The building is seven stories tall and made of black bricks. The fifth floor, marked by a row of slitted windows, houses the majority of the interrogation spaced where suspects were confined and tortured. The space now recreates the arrangements for viewing by visitors to the museum.

== History ==
The National Museum of Korean Democracy was originally constructed in 1976 as the Namyeong-dong Anti-Communist Interrogation Office. A second construction project in 1983 expanded the building from five stories to seven. Disguised by a sign reading "International Oceanic Research Institute," it was used by police as a space to detain and interrogate pro-democracy protestors and activists, often using torture methods such as electric shock or waterboarding. One survivor attested that torturers forced used socks filled with red pepper flakes up their nose, causing them to faint repeatedly. It is estimated that over 400 people were tortured in this building.

The most well known of the victims in the anti-communist interrogation office was 22-year old Park Jong-chul, a student activist at Seoul National University, who died of a crushed esophagus during water torture. Park's violent and untimely death sparked a wave of organized movements across South Korea that culminated in the June Democratic Struggle and democratic reform.

Following the end of the authoritarian regime, many of the police officers and torturers faced prosecution, but the torture office remained in the hands of the police. In 2005, it was turned into the police force's Human Rights Center, and was even the set for the films National Security (2012) and 1987: When the Day Comes. In December 2018 former President Moon Jae-in instructed it to be handed over to the Korean Democracy Foundation and converted into a museum and memorial hall. The National Museum of Korean Democracy officially opened on June 10, 2025.
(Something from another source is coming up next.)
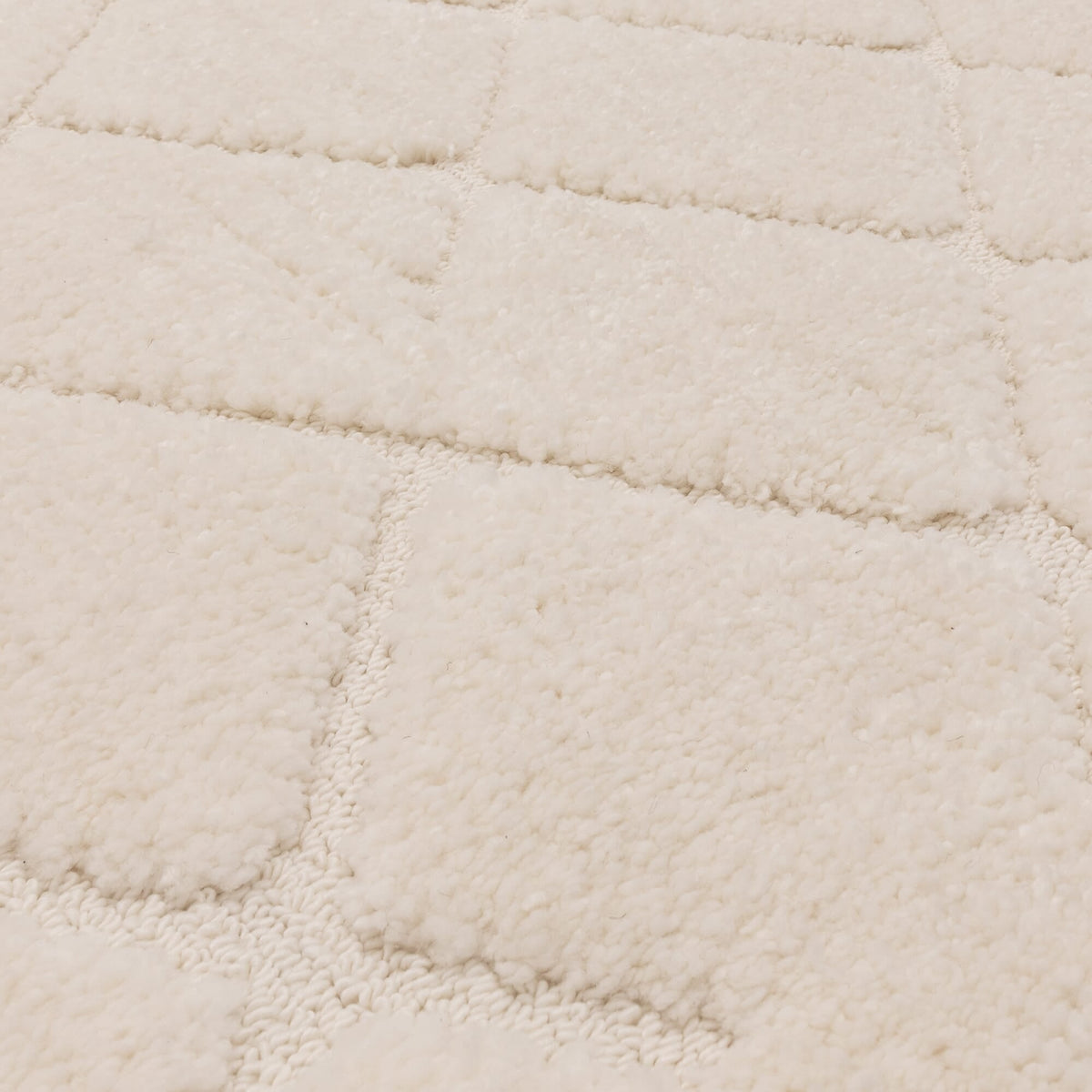 Tassel-edge Scandinavian rug design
Access to the museum is open to the public, but in order to enter the recreated interrogation facility, visitors to the museum have to book tickets in advance. Children under the age of 12 must be accompanied by a guardian, and children under the age of 6 are prohibited from entering.

== Architecture ==
The Namyeong-dong Anti-Communist Interrogation Office was the work of distinguished Korean architect Kim Swoo-geun. Kim was acquainted with KCIA director and prime minister Kim Jong-pil and had received some commissions from him. Kim Swoo-geun's style of architecture mostly aligned with the ideology of the authoritarian regime of the time, drawing from the spacial aesthetics of traditional korean buildings and the modern technological influences of Le Corbusier and Japanese modernists.
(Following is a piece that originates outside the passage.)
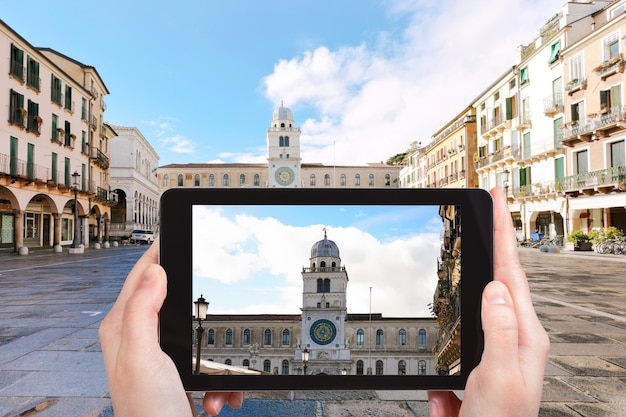 Tourist fotografiert Palast in der Stadt Padua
The visible exterior of the building is made of black brick and used to be encircled by a wall topped with barbed wire, imposing itself on the surrounding urban neighborhood. The building was intentionally designed for torture and isolation. The fifth floor was connected to the first floor by a narrow spiral staircase meant to confuse and disorient those being brought in for interrogation. Doorways into the interrogation rooms on the fifth floor are staggered to prevent contact between detainees. The windows in the interrogation rooms, which can be seen from the outside, are so thin that a human could not fit through, stopping any attempts at escape or suicide. Rooms were soundproofed so sounds of torture could not be heard from outside, but could be heard by prisoners in adjacent rooms. Even the reddish orange tiles on the walls were made to look blood-stained under the harsh lighting, and some survivors testified that the colors "triggered intense fear." While some attribute the twisted layout of the space to the architect, others argue that Kim was unaware of the purpose of the building and only contributed to the facade of the building.

Now, the KDF has restored the space to recreate the original conditions the victims were subject to in the 1970s and 1980s using testimony from former staff. Only cell 509 remains unaltered, preserved as a memorial to Park Jong-chul, who died in that very room.